According to analysts, Israel has concluded that Hezbollah can do little to secure Arad’s release and is shifting its efforts to pressuring Iran, which it accuses of holding Arad. That calculation has prompted Israeli negotiators to focus on the release of Tannenbaum, the kidnapped businessman, and the bodies of the kidnapped soldiers.
"It’s a matter of reality and practical purposes," said Yoram Schweitzer, a fellow at the Jaffe Center for Strategic Studies. "It was a difficult decision that was made."
Meanwhile, Chief Rabbi Yonah Metzer attending an interfaith conference against terrorism in Kazakhstan, met with a top Iranian official there who agreed in principle to look into Arad’s fate.

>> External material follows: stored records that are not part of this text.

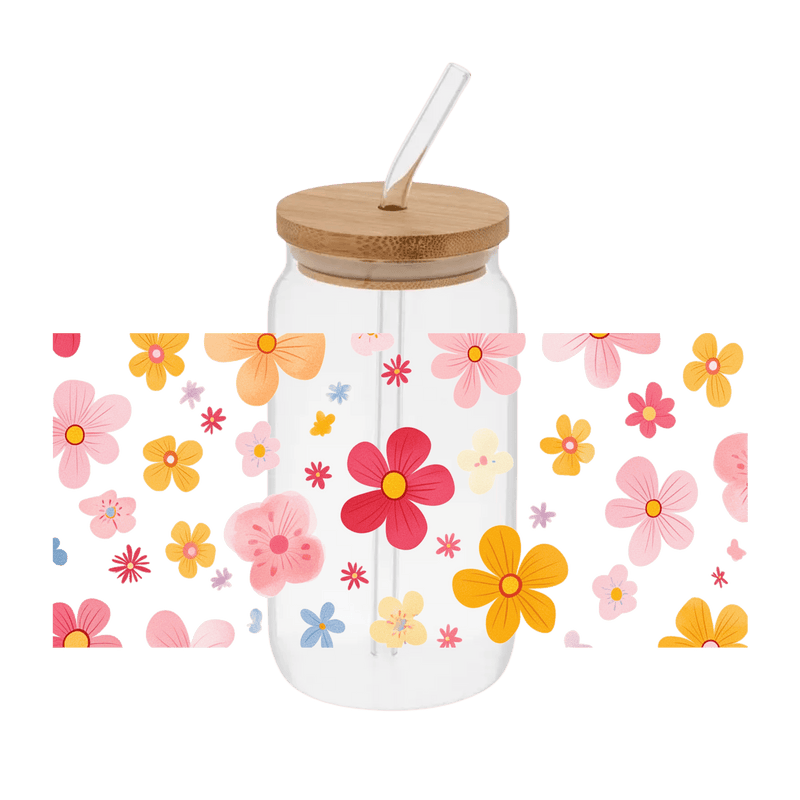 Flowers– Printed Libby Wrap (9.5" x 4.3" UV DTF) - Vinyl Creation Supply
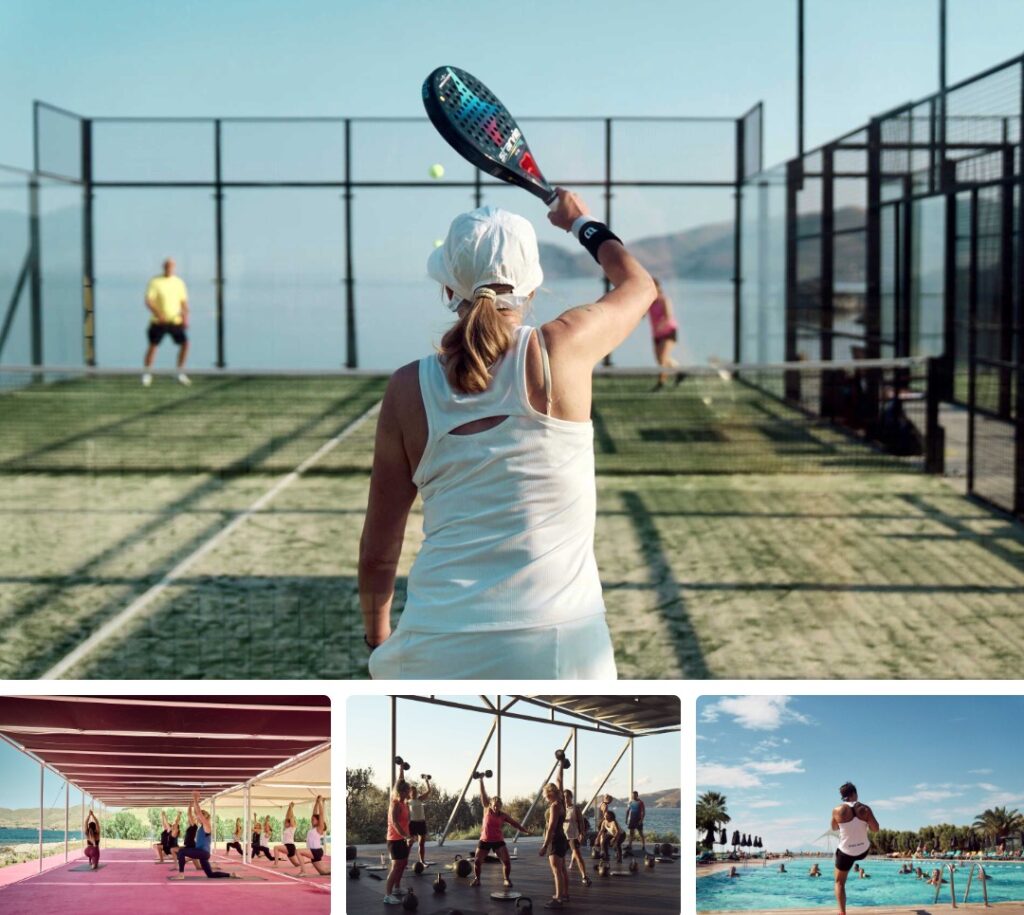 kvinne spiller padel på et hotell i Hellas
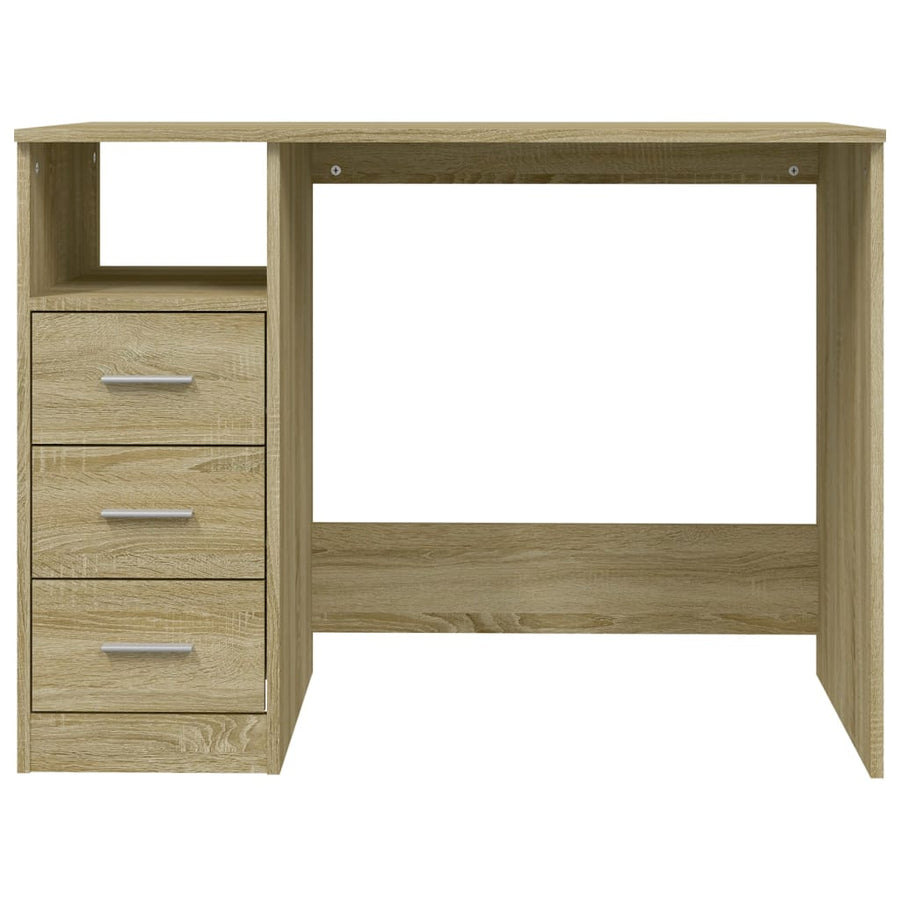 Bureau Met Lades 102X50X76 Cm Bewerkt Hout Kleurig Sonoma eiken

But the rabbi later told Israel Army Radio that he doubted anything would come of the move.
Elon Questions Deal
Israeli Tourism Minister Benny Elon voiced some discomfort about the whole propriety of releasing Palestinian prisoners for Tannenbaum.
"The system of kidnapping Jews and Israelis in order to negotiate is something we have to think about again," he said during a visit here. "I don’t want to say I am against it (we do have to do the best we can to release our prisoners) but we have to be careful that we do not make it an action in which every Jew will be under the threat of being held hostage in order that we negotiate [his release]."
"Even though the release of prisoners is the greatest mitzvah, there are times when one is not allowed to seek the release of Jewish prisoners because it might become fashionable," Elon said. He recalled the case of Rabbi Meir ben Baruch, better known as the Maharam of Rothenburg, who refused to allow his community to pay a large ransom for his release from a German prison in 1286. He sought to prevent situations leading to rabbis being kidnapped for money, said Elon. The rabbi remained in prison another seven years until his death.
Yehudit Dasberg, whose daughter and son-in-law, Efrat and Yaron Ungar were killed in a June 1996 terrorist attack, came out flatly against the prisoner swap. In the Israeli daily Maariv, she wrote about the 1985 Jibril deal, in which Israel freed 1,150 Palestinian terrorists in exchange for the release of three Israeli soldiers held for almost three years by warlord Ahmed Jibril in Lebanon.
Many of those freed terrorists "brought about the first intifada, which in turn led to the second one," she wrote. "The government then did not know what would happen and had good intentions, but we must not repeat the same mistakes again."
Israeli Officials Quiet
Although Nasrallah has spoken of a prisoner swap for several weeks, Israeli officials have generally remained quiet. But this week, Israeli Defense Minister Shaul Mofaz confirmed that talks were under way and making progress.
"It’s correct to say that there are negotiations, but beyond that we have a bitter experience with Hezbollah," Mofaz told reporters. "In the past there have been various contact but they have been stopped. Today it seems… that there has been progress."
Media reports said Wednesday that a deal could be reached within days. Both Israel and Hezbollah face pressure from the families of the prisoners of war to reach a compromise. And in the wake of the occupation of Iraq, Hezbollah’s Syrian and Iranian patrons have come under pressure from the U.S. to reign in Hezbollah.
There had been reports that Fatah militant Marwan Barghouti was one of those slated for release. But Mofaz denied Barghouti would go free, a decision that would require Israel to drop a year-old murder trial being conducted against the second most popular Palestinian political figure.
The Haaretz newspaper reported that Israel wants to expel the Palestinians freed under the deal.

Joshua Mitnick is an Israel correspondent; Stewart Ain is a staff writer.